Completely agree. And trying to get vendors to even let you see their SOC2 - assuming they even have one, and assuming whoever signed the contract thought to put auditing provisions in in the first place - is a huge fucking pile of NDA horseshit.

@munin @rain well for example, the contract allowed for “one audit” per year and so when Citrixbleed happened and we asked them to attest they had patched, they said “sorry you’re already past he 1 audit” and wouldn’t answer.

They got popped by Citrixbleed.

@petrillic @rain

Oh yeah. Well and truly familiar with both sides of -those- provisions lol

Thing is tho, -everyone- is trying to do their "one audit" a year, and ain't nobody hiring ......well, a -me- to handle coordinating those, or managing the communication to customers around relative exposure to emergent threats.

@petrillic
My experience exactly.

If risk could be transfered to an outsider execs were like...
@munin @rain

@munin @rain Given how afraid sales engineers were to answer simple "How does X work?"-style questions even though we bad signed an NDA for evaluating their product, I find this entirely plausible.
@rain can absolutely tell who does not really consider the 24/7 service they operate is a 24/7 service with deeply critical impact to their users
@rain I think they just mean "this particular unpaged memory access at this particular source location caused by this particular kind of corruption in our config files", not "crashes because of invalid configs"
@rain @munin personally I’m willing to wait through end-of-business on Monday for them to add the promised actual root cause analysis, since I don’t expect or want every single employee to be working through Saturday and Sunday. if it’s not there by then, though, I’ll be pretty offended

@rain it was nonsensical.

I am trying to extend a modicum of grace and believe they will put something more substantive out after they've had time to gather information and do a post-incident write-up.

@rain Managers and PR people always get twitchy when engineers want to speak plainly.

But when the engineers aren't allowed to speak plainly, the reader must always assume that letting the engineers speak plainly would be horrifically embarrassing so the cageyness always has a net negative PR value.

@rain because companies like this largely operate with security through obscurity, the more they explain the more they believe their security will be impacted.

which given you can brick their system by nuking a definitions file, i think it's just crap software.
@rain
they don't want to get into the technical details in their technical details report, it's too technical

@rain

A test run?

My Spidey-sense tells me it was planned. The #Biden #economy is too good, #StockMarket doing too well, yanno what I mean?

Nahhh, couldn't be, I must be wrong

But then again...

@rain Meaninglessly post to protect investors.

@rain "and have no risk of experiencing this event in the future."

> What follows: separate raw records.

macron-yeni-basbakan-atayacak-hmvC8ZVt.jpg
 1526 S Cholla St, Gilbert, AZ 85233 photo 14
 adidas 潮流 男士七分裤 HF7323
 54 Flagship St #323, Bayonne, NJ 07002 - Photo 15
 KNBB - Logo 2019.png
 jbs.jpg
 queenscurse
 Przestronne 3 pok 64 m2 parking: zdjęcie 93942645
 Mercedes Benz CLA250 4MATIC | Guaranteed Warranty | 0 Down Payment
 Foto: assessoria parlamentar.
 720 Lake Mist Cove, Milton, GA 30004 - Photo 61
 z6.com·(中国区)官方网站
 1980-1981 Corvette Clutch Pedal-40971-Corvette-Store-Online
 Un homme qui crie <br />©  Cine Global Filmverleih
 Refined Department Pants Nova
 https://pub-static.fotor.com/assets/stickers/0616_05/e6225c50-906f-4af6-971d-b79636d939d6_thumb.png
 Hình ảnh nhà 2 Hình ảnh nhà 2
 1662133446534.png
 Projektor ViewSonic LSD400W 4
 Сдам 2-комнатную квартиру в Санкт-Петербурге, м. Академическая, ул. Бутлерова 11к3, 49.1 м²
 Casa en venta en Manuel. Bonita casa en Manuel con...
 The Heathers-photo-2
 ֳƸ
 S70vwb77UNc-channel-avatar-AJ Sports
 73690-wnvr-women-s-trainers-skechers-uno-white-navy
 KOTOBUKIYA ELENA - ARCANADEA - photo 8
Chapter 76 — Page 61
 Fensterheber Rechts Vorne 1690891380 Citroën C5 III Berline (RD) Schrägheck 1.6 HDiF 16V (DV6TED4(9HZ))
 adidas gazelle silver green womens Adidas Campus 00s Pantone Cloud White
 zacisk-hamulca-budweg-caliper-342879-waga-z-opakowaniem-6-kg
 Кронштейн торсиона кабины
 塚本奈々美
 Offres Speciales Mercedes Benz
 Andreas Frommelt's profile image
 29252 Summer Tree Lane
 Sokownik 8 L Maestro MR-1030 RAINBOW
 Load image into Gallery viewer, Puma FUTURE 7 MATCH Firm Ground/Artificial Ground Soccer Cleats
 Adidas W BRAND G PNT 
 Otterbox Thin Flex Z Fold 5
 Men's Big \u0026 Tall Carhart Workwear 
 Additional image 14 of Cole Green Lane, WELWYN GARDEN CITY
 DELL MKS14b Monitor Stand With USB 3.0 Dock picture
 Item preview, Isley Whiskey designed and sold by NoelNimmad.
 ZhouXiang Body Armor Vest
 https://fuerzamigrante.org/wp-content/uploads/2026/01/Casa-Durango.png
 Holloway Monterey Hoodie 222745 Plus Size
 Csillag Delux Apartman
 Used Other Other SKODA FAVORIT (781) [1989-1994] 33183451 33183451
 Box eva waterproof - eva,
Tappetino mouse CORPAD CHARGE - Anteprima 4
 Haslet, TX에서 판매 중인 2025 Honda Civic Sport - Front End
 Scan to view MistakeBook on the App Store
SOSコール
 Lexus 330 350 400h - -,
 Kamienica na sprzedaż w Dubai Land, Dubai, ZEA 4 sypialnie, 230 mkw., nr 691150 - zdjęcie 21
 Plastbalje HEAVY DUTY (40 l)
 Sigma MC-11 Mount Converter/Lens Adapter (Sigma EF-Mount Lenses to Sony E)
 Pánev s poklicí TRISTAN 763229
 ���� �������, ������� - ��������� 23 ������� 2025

That is a brave statement!

@revk @rain It'll just be 'very different' next time.
@revk @rain risky to promise safe updates in future given the number of crowdstrike sensor configuration update fuckups they have had in the last few months
@revk
Actually, not brave at all, but 100% guaranteed (by definition of the word). Completely non-informational though, of course. Because, "Event" is defined (among other things) by time at whhich it happened. So if exactly the same technical bug occurs in a future, well, that is *another* (similar) event, but definitely not "this event". Customers are just not fluent enough in #Newspeak ...
@rain
@rain Every business has a test system. The fortunate ones also have a production system. CrowdStrike uses the whole world as a test system.
@rain To be fair they do touch on this: “we are doing a thorough root cause analysis to determine how this logic flaw occurred. This effort will be ongoing. We are committed to identifying any foundational or workflow improvements that we can make to strengthen our process. We will update our findings in the root cause analysis as the investigation progresses.”
@rain so what they basically say: "we don't test things and we don't do staged distibution. This is normal operations mode at Crowdstrike."
I think I would rather run a system without these risks.
@rain I think what this tells us so far is that Crowd strike doesn't have a generative culture, otherwise we would see them sharing rather than managing

@rain

fuck microsoft, windows, and all the associated bullshit.

@rain

Another thing:

Is it just me, or is that bird GOING DOWN IN FLAMES...?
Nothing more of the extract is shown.